En ce 22 mars, journée internationale de l’eau, le CPP se joint à l’ensemble de la communauté nationale pour dire :
• Non au scandale de la faible desserte des populations en eau potable
• Oui à de l’eau potable pour tous / es

Etat des lieux
En effet, malgré notre formidable potentiel hydraulique les Camerounais / es dans leur grande majorité n’ont pas accès à l’eau potable. Pour preuve, 56, 1 % de la population totale du Cameroun n’a pas accès à l’eau potable dont 72, 3% de la population installée en zone rurale et 24, 9 % de Camerounais installés dans les villes.
Des millions de Camerounais / es sont touchés par des maladies hydriques telles que le choléra, l’ulcère de Buruli, l’onchocercose, le paludisme, très présents dans les bassins de la Sanaga et des fleuves côtiers, les infections parasitaires (amibiases) et les infections virales (hépatite virale, la poliomyélite) avec des fins tragiques.
En 2010, sur une dépense moyenne de santé par ménage et par mois de 7 854 Fcfa, représentant 29 % du revenu moyen évalué à 26 800 Fcfa, le poids des maladies liées à la mauvaise eau et le non assainissement, est de 70 % . La même année le montant annuel des dépenses liées aux maladies hydriques par ménage est évalué à 65 975 Fcfa.

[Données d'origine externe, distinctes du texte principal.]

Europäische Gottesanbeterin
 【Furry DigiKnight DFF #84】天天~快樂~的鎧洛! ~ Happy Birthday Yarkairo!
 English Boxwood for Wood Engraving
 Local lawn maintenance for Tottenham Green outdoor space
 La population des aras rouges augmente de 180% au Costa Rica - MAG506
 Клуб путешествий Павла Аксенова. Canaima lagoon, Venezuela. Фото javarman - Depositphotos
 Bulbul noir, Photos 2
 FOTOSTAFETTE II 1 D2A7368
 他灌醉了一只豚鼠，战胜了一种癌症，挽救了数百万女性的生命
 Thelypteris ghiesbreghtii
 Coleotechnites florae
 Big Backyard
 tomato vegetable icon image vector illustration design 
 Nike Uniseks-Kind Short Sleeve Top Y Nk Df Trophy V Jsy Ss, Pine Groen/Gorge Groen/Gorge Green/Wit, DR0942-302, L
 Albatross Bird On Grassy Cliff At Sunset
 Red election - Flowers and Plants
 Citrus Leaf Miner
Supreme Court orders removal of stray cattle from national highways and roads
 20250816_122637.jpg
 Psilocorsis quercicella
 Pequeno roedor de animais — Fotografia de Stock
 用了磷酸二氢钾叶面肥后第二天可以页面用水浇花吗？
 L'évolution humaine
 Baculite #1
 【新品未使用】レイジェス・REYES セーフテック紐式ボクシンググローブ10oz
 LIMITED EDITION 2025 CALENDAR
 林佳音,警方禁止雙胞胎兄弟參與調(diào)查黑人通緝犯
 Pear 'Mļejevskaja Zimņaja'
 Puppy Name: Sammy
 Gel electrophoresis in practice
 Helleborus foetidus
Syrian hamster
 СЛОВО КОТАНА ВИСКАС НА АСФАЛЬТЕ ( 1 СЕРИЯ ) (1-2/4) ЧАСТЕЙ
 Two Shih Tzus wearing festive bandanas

Avec 250.000 abonnés en milieu urbain, le taux d’accès par branchement individuel ou partagé n’est que de 26%. Dans les grandes villes qui regorgent la majorité de la population, le taux de couverture en eau se situe à environ 86,2 %. Mais, le taux d’accès direct des ménages à l’eau potable demeure faible. Pour près de 226 638 abonnés en 2010, 29% de ménages seulement s’abreuvent sans difficultés du précieux liquide. Dans les zones rurales, il faut créer près de 23 462 Equivalents Points d’Eau (EPE), d’ici 2015 dans l’optique de l’atteinte des Objectifs du Millénaire pour le développement (OMD). Le taux d’accès par branchement individuel ou partagé est de 78% au Sénégal ou 62% en Côte-d’Ivoire.
Et pourtant, notre potentiel est énorme et inexploité !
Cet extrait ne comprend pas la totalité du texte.